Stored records
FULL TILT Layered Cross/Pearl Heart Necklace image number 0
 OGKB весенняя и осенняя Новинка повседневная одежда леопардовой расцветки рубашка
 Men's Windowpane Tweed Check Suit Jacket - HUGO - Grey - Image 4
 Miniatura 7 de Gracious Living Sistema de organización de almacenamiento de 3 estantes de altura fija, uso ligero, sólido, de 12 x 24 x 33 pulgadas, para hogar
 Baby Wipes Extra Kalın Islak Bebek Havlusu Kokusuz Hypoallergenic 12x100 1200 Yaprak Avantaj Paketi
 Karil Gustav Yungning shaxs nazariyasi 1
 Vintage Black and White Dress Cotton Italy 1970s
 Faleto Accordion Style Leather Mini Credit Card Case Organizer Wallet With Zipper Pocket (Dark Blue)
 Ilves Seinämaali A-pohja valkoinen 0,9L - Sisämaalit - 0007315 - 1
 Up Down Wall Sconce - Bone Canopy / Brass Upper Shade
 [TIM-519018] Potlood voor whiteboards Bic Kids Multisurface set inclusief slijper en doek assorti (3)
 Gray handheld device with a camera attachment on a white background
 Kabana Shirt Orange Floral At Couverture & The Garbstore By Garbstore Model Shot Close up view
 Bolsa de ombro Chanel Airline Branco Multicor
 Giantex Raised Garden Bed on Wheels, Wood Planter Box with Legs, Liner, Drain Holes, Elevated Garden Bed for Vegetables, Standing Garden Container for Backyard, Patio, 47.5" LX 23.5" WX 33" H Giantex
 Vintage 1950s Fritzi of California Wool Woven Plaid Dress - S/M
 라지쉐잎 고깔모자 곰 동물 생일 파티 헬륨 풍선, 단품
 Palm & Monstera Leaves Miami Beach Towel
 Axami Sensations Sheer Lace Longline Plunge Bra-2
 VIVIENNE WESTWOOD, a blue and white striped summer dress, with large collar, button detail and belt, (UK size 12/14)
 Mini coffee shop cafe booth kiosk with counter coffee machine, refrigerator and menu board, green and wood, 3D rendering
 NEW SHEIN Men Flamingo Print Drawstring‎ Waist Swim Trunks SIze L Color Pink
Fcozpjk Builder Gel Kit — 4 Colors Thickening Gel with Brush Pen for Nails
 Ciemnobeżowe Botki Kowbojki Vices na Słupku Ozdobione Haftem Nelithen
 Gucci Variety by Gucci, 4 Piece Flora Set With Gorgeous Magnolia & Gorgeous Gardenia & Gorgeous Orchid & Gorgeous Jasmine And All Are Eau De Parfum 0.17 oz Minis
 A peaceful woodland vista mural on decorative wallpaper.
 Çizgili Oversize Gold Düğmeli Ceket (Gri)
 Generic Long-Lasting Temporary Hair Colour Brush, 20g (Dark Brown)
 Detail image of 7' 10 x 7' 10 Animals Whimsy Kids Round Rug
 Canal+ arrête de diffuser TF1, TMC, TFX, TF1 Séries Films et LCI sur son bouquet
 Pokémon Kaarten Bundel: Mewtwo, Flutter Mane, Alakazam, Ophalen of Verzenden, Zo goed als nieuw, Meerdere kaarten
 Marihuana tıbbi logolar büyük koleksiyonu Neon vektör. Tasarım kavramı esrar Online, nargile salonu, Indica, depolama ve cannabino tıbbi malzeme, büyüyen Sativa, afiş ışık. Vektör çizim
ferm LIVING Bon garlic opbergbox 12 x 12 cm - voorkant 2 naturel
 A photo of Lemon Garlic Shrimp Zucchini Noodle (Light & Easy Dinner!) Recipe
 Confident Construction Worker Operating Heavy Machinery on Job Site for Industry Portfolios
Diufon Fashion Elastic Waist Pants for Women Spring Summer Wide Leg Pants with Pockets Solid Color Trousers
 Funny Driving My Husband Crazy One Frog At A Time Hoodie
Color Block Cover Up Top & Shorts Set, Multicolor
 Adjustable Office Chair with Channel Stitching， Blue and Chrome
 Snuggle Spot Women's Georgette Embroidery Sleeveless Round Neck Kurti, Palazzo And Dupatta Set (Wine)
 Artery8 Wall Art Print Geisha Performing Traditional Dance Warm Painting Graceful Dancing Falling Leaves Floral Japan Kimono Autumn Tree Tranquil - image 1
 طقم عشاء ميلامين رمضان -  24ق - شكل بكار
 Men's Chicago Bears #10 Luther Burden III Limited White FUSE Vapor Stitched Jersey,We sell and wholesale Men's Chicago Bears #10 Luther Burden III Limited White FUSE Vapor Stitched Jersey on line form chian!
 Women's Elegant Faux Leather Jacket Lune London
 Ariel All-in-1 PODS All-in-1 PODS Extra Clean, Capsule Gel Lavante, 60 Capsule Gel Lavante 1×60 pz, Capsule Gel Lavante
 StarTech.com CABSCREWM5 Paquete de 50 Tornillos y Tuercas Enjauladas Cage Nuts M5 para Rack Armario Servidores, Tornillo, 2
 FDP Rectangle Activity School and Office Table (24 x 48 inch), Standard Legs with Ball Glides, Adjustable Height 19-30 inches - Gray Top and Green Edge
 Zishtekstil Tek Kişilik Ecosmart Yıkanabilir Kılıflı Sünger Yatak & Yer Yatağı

__Exercise__
Look through the entries above and quote exactly the lines from the line with "طقم عشاء ميلامين" to the line with "Ariel All-in-1 PODS", counting both of those lines.

__Written reply__
 طقم عشاء ميلامين رمضان -  24ق - شكل بكار
 Men's Chicago Bears #10 Luther Burden III Limited White FUSE Vapor Stitched Jersey,We sell and wholesale Men's Chicago Bears #10 Luther Burden III Limited White FUSE Vapor Stitched Jersey on line form chian!
 Women's Elegant Faux Leather Jacket Lune London
 Ariel All-in-1 PODS All-in-1 PODS Extra Clean, Capsule Gel Lavante, 60 Capsule Gel Lavante 1×60 pz, Capsule Gel Lavante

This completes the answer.